Whether it’s different length sutures, varying number of clips, or using multi-color dyes, inconsistency among surgeons within the same facility of healthcare setting can result in questions and confusion both in the operating room and pathology when a different method is used on every case performed.
When all surgeons use the same methodology to mark specimen margins for orientation communication is improved and the risk of error is greatly reduced as every specimen is marked the same way and communicates the same thing every time.
The case for orientation at a glance
Even if used consistently, there are some drawback to some methods commonly used to mark breast specimen margins. Sutures and dyes won’t communicate orientation on the specimen image, so if the radiograph reveals an inadequate margin the patient is subject to additional tissue removed from the entire lumpectomy site than may be necessary.
Other issues involve the fatty nature of breast tissue itself – by the time a specimen is delivered to pathology, sutures and clips may have sunk into the breast tissue making it hard for pathology to determine orientation.
MarginMap is a simple to use, accurate, and effective orientation system that helps surgical centers standardize their methodology for marking margins and communicate specimen orientation at a glance.

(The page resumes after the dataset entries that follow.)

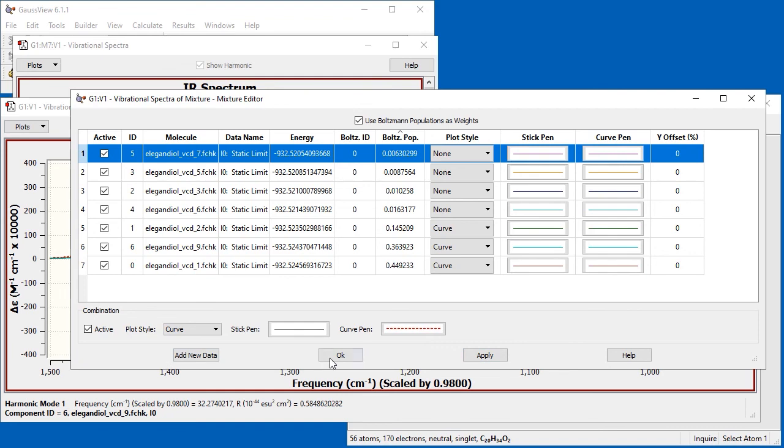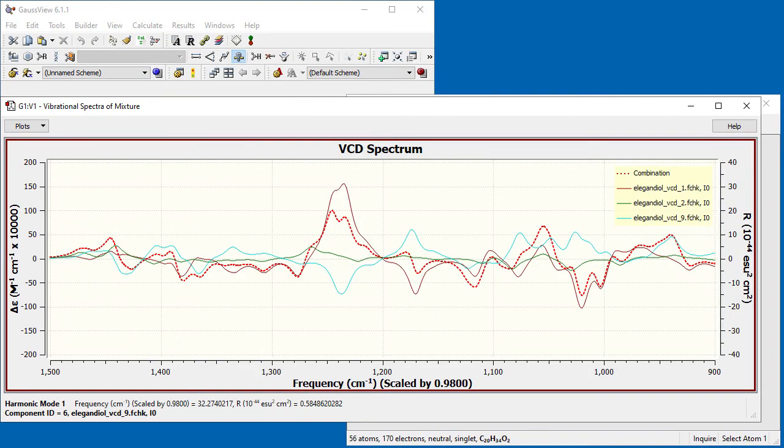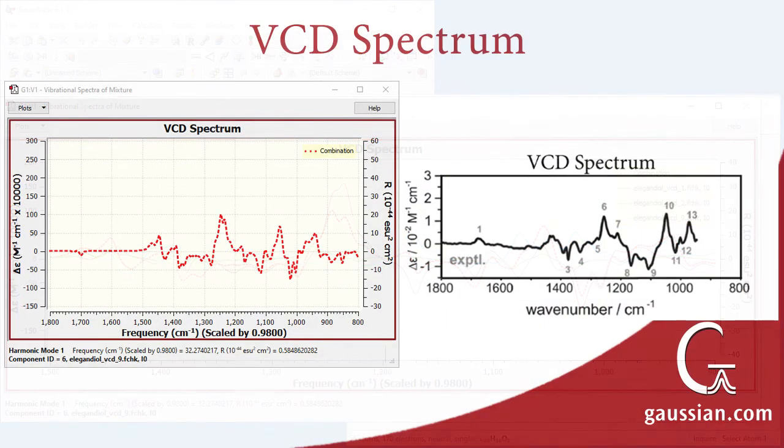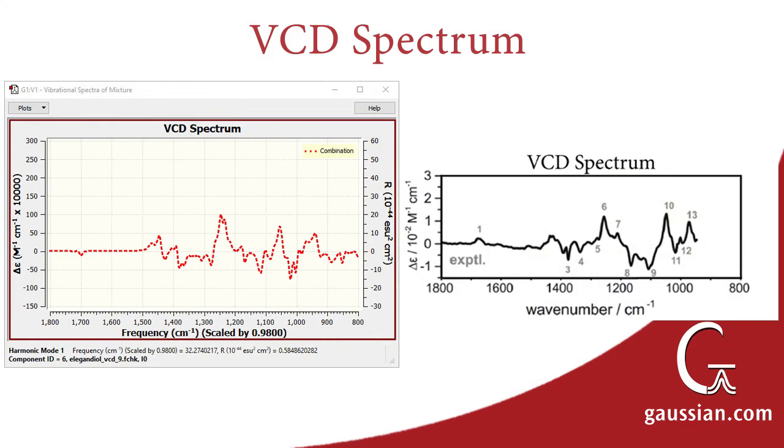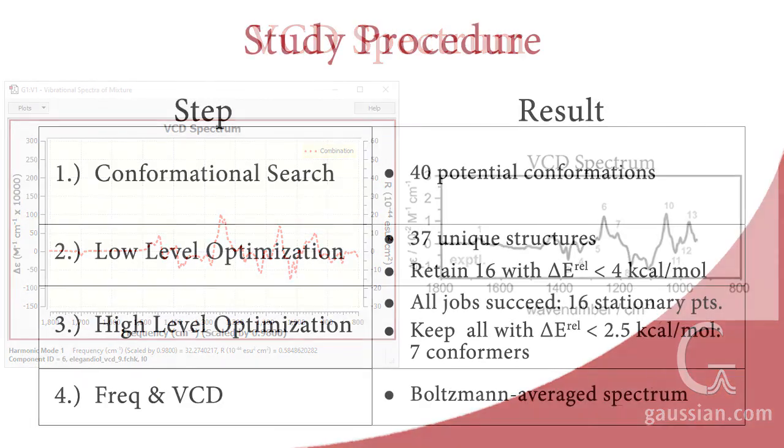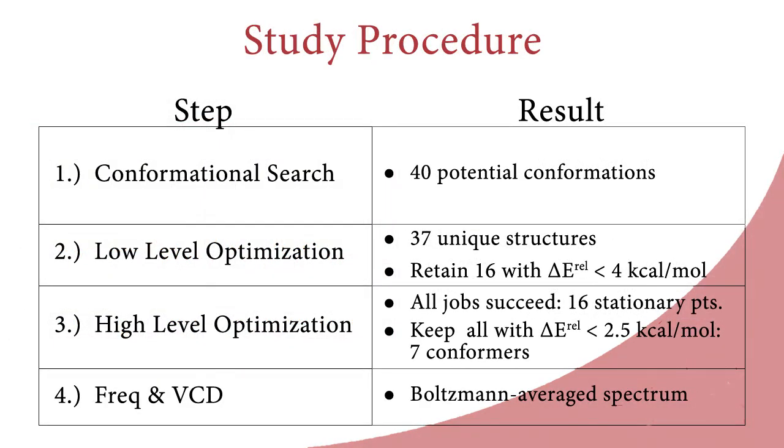Here is the resulting display. The Combination spectrum generally follows that of the lowest-energy conformation, with adjustments coming from other conformations. We can now compare our predicted spectra to the experimental data. There is reasonable agreement between the two. Here is a summary of our complete study.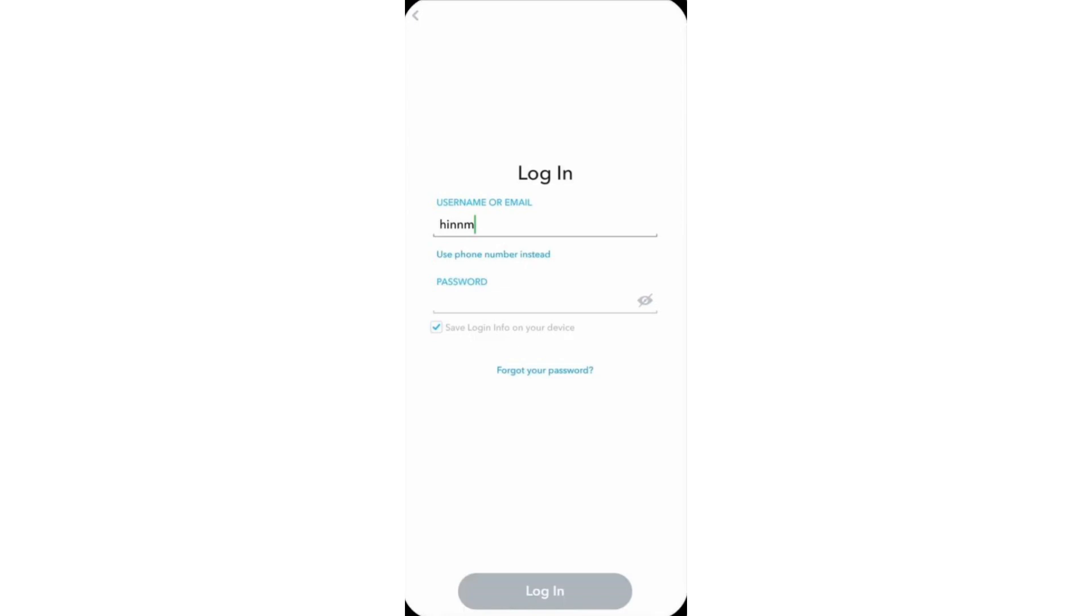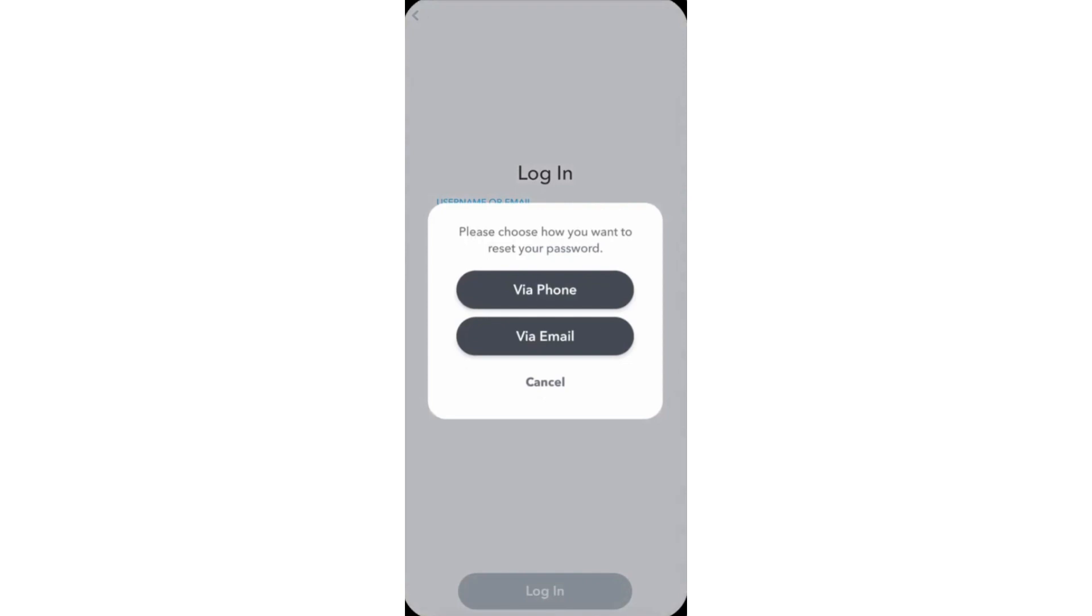If it's not working, then tap on forgot your password. Now choose a medium through which Snapchat will send you a reset code.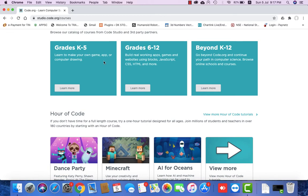Computer drawing is also a talent. From K1 through 1st and 5th grade there is game creation, app creation, and computer drawing design. For grades 6 to 12, you can build real working apps using mobile devices, using blocks, JavaScript, CSS, and HTML — high-level languages.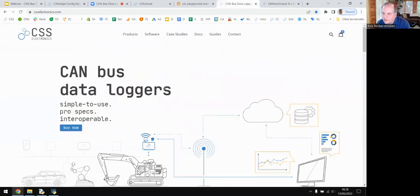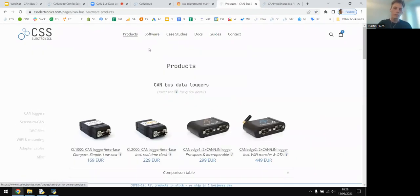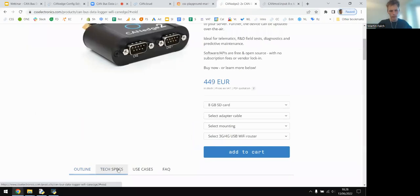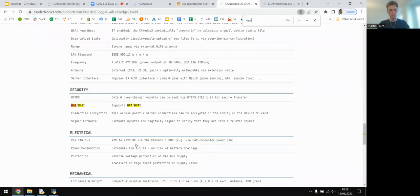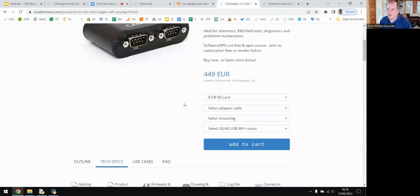A question about Wi-Fi security: does the CAN Edge 2 support WPA for Wi-Fi? Yes — it supports WPA and WPA2, as listed in the security section of the tech specs.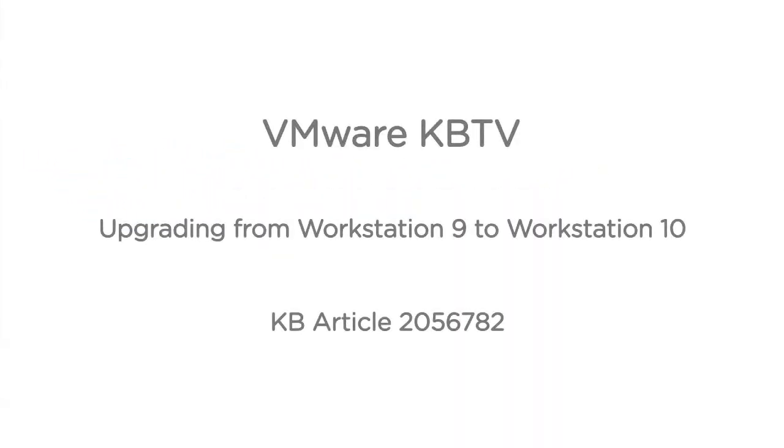In this video we will look at upgrading VMware Workstation 9 to Workstation 10. This video is based on VMware Knowledge Base article 2056782.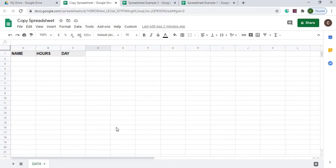Welcome to Code with Kurt, the channel that brings you the latest Google Sheets and Google Apps Script videos. In today's video, I'm going to show you how to take multiple spreadsheets and copy them into one sheet.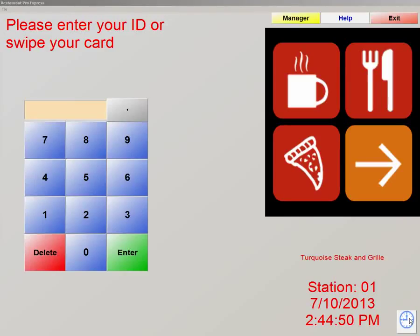Hello, and welcome to the PC America Reseller Training Series. My name is Adam Moore, and I'm the sales engineer that will be conducting today's training. Today we're going to be discussing Restaurant Pro Express. Let's get started.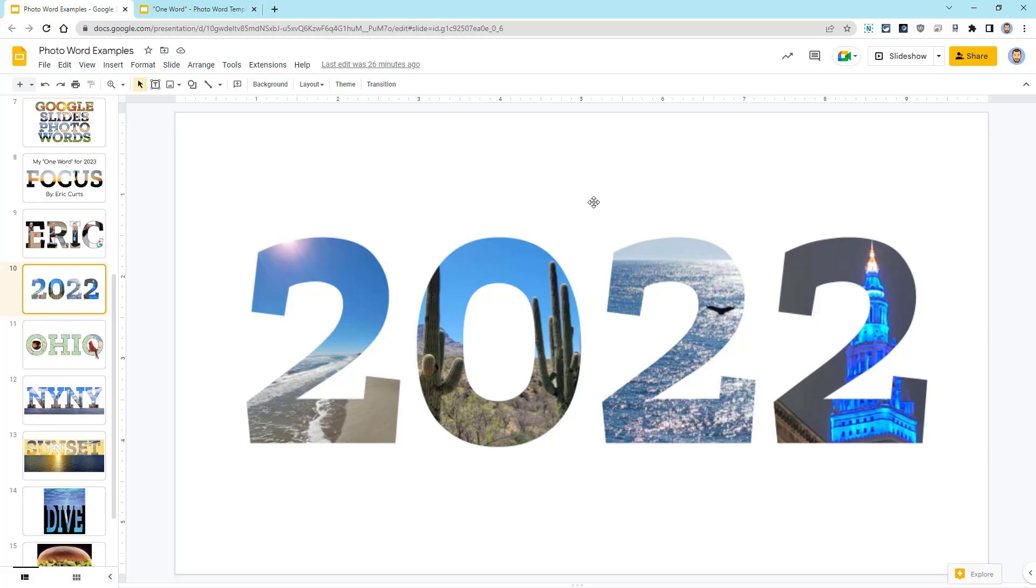The next example is actually something I made for a holiday card that I created this last year. In each number of the year, I put a picture of one of my favorite places I traveled to last year from Florida to Arizona to Maine to right back here in Cleveland.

Consisting of six distinctly-shaped radiopaque charms which clearly identify their corresponding margin, MarginMap helps to significantly reduce the chance of miscommunication between surgical team members and other departments. The charms are clearly visible on the specimen and radiograph giving a clear depiction of the lumpectomy specimen orientation to pathology.
Team approach best for success
Changing habits and implementing standardized methodology can be a challenge, but well worth the effort. Standardization helps with risk reduction, process improvement, and ultimately patient care. If you’re on your journey toward standardization remember a team approach works best in choosing the method of communicating specimen orientation that works best for you. Your surgeons, nurses, radiologists, and pathologists all need to be on board for standardization to be successful.